Church life can be a drudge! It is possible to get bored, to find ourselves in a routine of just going to stuff, going through the motions, and not really finding it’s challenging us and strengthening us. We can become familiar with what happens week to week, the teaching doesn’t seem to grip us like it used to, the worship gets a bit samey, the spark of freshness seems to have left…
And then you head off to a conference and it seems like everything is alive and new and powerful! The speakers are amazing, the presence of God seems electric and the fellowship is exciting…
As a worship leader one can easily fall into the trap of living from conference to conference. They can seem more appealing than the normal Sunday: there are more people, the people seem more fired up and engaged, and we get to pull out our best songs that everyone at our home church is sick to death of!
But let’s sit back for a moment and ask ourselves what has the potential to make more impact in the local community: our local church or the three day conference that comes and goes? And what is it that Jesus died for, a conference or the church?
Becoming mature
It’s easy to feel more spiritually mature at a conference: there’s not much time to sin and the people in your local church that annoy you are lost in the crowd. On top of that the speakers are preaching their best messages and the band is probably better than the band in your local church every Sunday….

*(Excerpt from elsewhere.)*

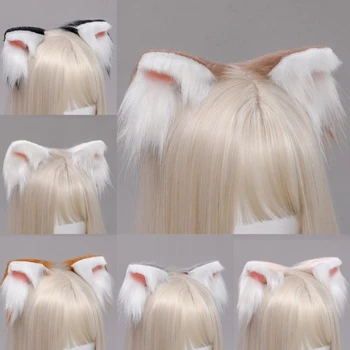 Mielas dirbtinio kailio kačiuko ausys Plaukų segtukai Japonų anime Cosplay Kailinių gyvūnų plaukų segtukai Helovino rekvizitai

Now don’t get me wrong, conferences can really serve the local church. We can be reminded of the mission we’re called to, put in a context with hundreds or even thousands of Christians where we feel like our view of life is not always in the minority. Great speakers can motivate us to get stuck in to our local church and to live the mission every day. They can challenge us and equip us. But let’s not think that they can take the place of the local church… And once the conference is over we must go and live what we’ve heard in the context of our local church.
Church community is where real life happens…

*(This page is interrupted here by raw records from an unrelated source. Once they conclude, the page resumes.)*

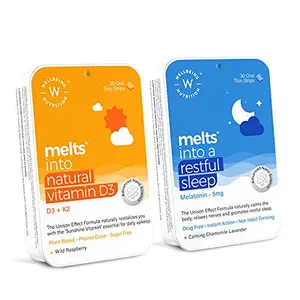 Wellbeing Nutrition Melts Restful Sleep Plant Based Melatonin 5mg with Melts Natural Vitamin D3 + K2 (MK-7) - (30x2 Oral Thin Strips)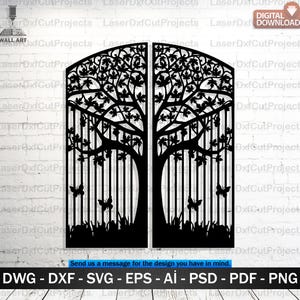 Peut inclure: Décoration murale en métal noir découpée au laser, représentant un arbre avec des feuilles, des papillons et des barres verticales. Téléchargement numérique avec formats DWG, DXF, SVG, EPS, AI, PSD, PDF et PNG.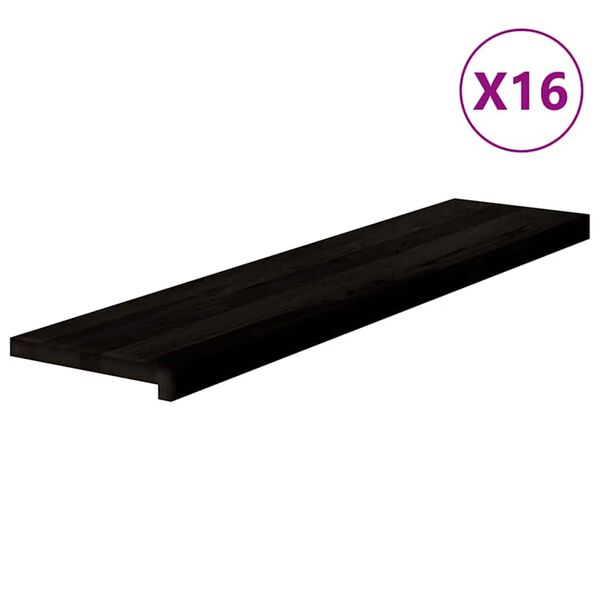 vidaXL Gradini 16 pz Marrone Scuro 110x30x2 cm Legno Massello Rovere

The local church is the prize! Jesus died for His church, His Bride. And that’s not a nebulous group of people roaming the earth! It is communities of people working out what it means to love God, love each other, and love those who don’t know God yet, inevery day life. It means carrying one another’s burdens, working out our disagreements in love, and partnering together in touching others’ lives.
It’s a beautiful thing, this community! Sure it get’s messy, it’s full of real people. But real people engaging with God, learning to serve one another, and displaying Christ’s self-sacrificial heart to the community is a beautiful thing!
Over these past years I have sought to make the local church my prize. As a worship leader that means I’m most excited about developing the church’s ‘worship life’ to be centred on Christ, deep with a love for who He is and what He’s done, full of truth and empowered by the Spirit. I want to be consistently leading the church to Christ, to the cross, making space for the Spirit’s work and leading. It’s not just about this Sunday’s set list, it’s about meeting God together week after week after week.
One of the greatest compliments I’ve ever received was when a guest worship leader told me that he had so enjoyed leading our church in worship because our people loved to meet God and loved to worship – “it was easy to lead them because they were so expectant of encountering God and passionate in expressing their worship”, he said. Now that’s a prize!
The church is at the centre of history
At the end of the age, when the ‘heavenly’ history books are written, the thread of history will not follow the great kings and earthly leaders, the great wars and conquests, or world events. It will follow the thread of God’s purposes: His winning of a people, His church! His church is His passion, it’s what He died to redeem. Not simply individuals, but a People.
And this is what we long to see here in Vancouver: a church community with a very high view of the local church. A community which understands the priority that Jesus places on His church.
Church life should not be a series of meetings that we attend, sermons that we critique, worship that we spectate. Church is a community to be loved, served and committed to. If church feels like a drudge to me it could be that I’ve moved from being a family member to consumer.